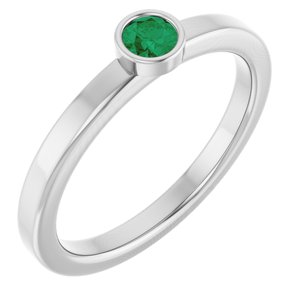 Ring med laboratoriedyrket edelsten – modell 72550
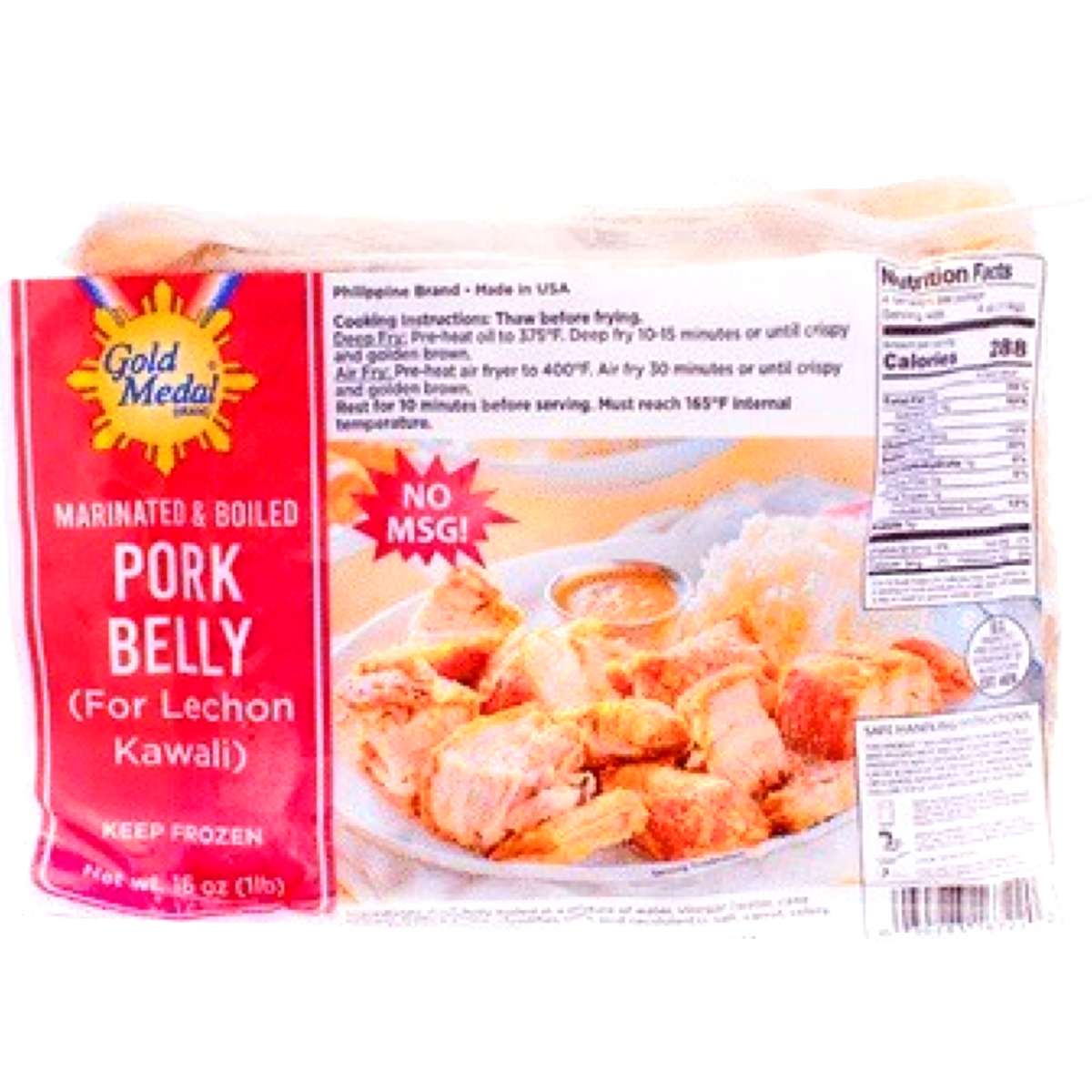 Gold Medal – Pork Belly (For Lechon Kawali) – Marinated – Ready To Fry – 16 OZ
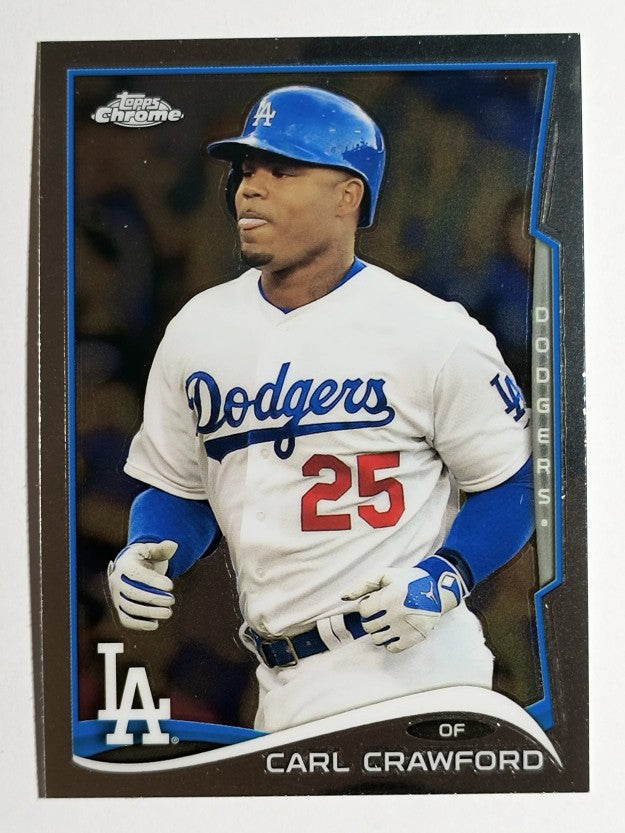 2014 Topps Chrome #192 Carl Crawford
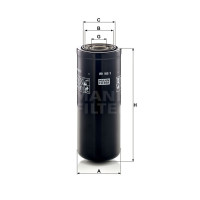 Фильтр масляный MANN-FILTER WH 980/3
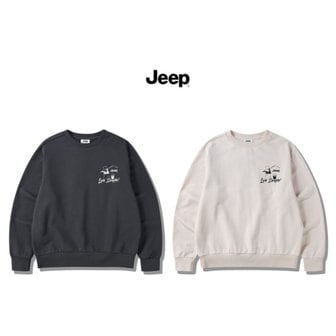 Jeep [여주점] 지프 남여공용 심플 스몰곰 맨투맨 JQ1TSU895 IV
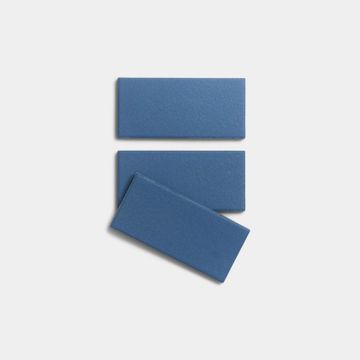 Iconic Blue 2x4 by Zia Tile - view 3
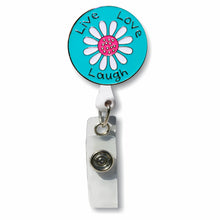 Load image into Gallery viewer, BH-402 Enamel Live Love Laugh Badge Holder - Pack of 3
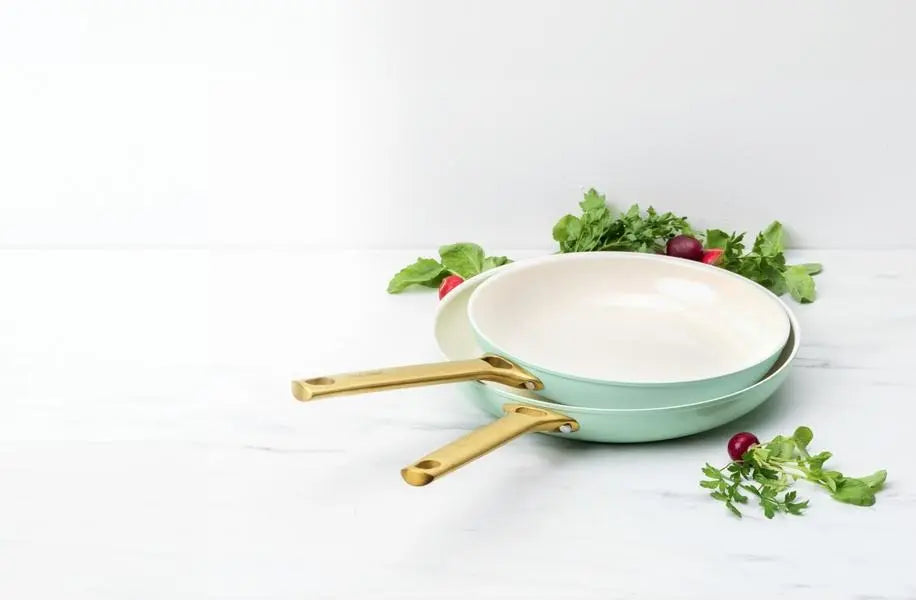 GreenPan Padova 2 Piece PFAS Free Frypan 26/30cm Mint  Frypans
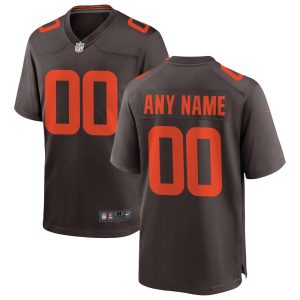 NFL Men's Cleveland Browns Nike Brown Alternate Custom Game Jersey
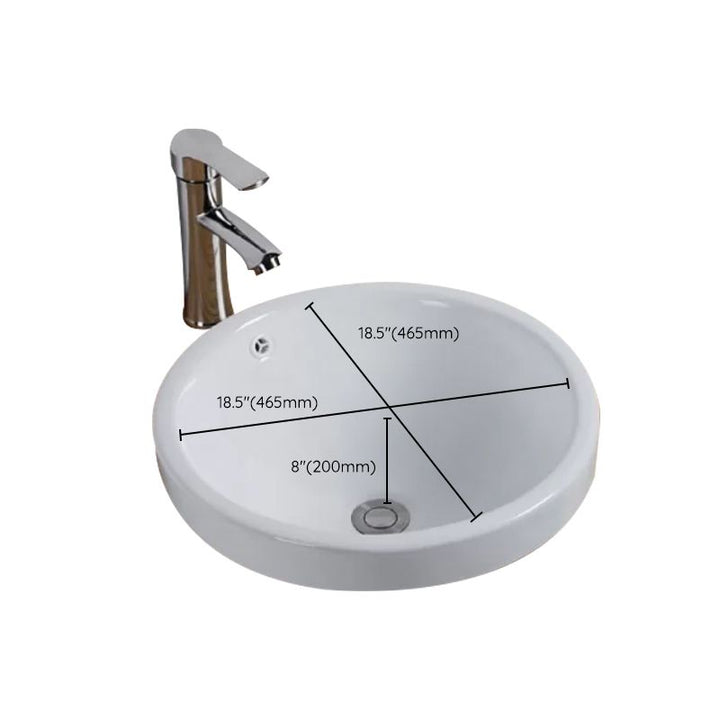 BowLift | Contemporary oval wash stand ceramic metal undercounter basin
—————
How to complete this task: Once the pictures are set aside, repeat the remaining data word for word.

Expected output:
 Ring med laboratoriedyrket edelsten – modell 72550
 Gold Medal – Pork Belly (For Lechon Kawali) – Marinated – Ready To Fry – 16 OZ
 2014 Topps Chrome #192 Carl Crawford
 Фильтр масляный MANN-FILTER WH 980/3
 Jeep [여주점] 지프 남여공용 심플 스몰곰 맨투맨 JQ1TSU895 IV
 Iconic Blue 2x4 by Zia Tile - view 3
 Load image into Gallery viewer, BH-402 Enamel Live Love Laugh Badge Holder - Pack of 3
 GreenPan Padova 2 Piece PFAS Free Frypan 26/30cm Mint  Frypans
 NFL Men's Cleveland Browns Nike Brown Alternate Custom Game Jersey
 BowLift | Contemporary oval wash stand ceramic metal undercounter basin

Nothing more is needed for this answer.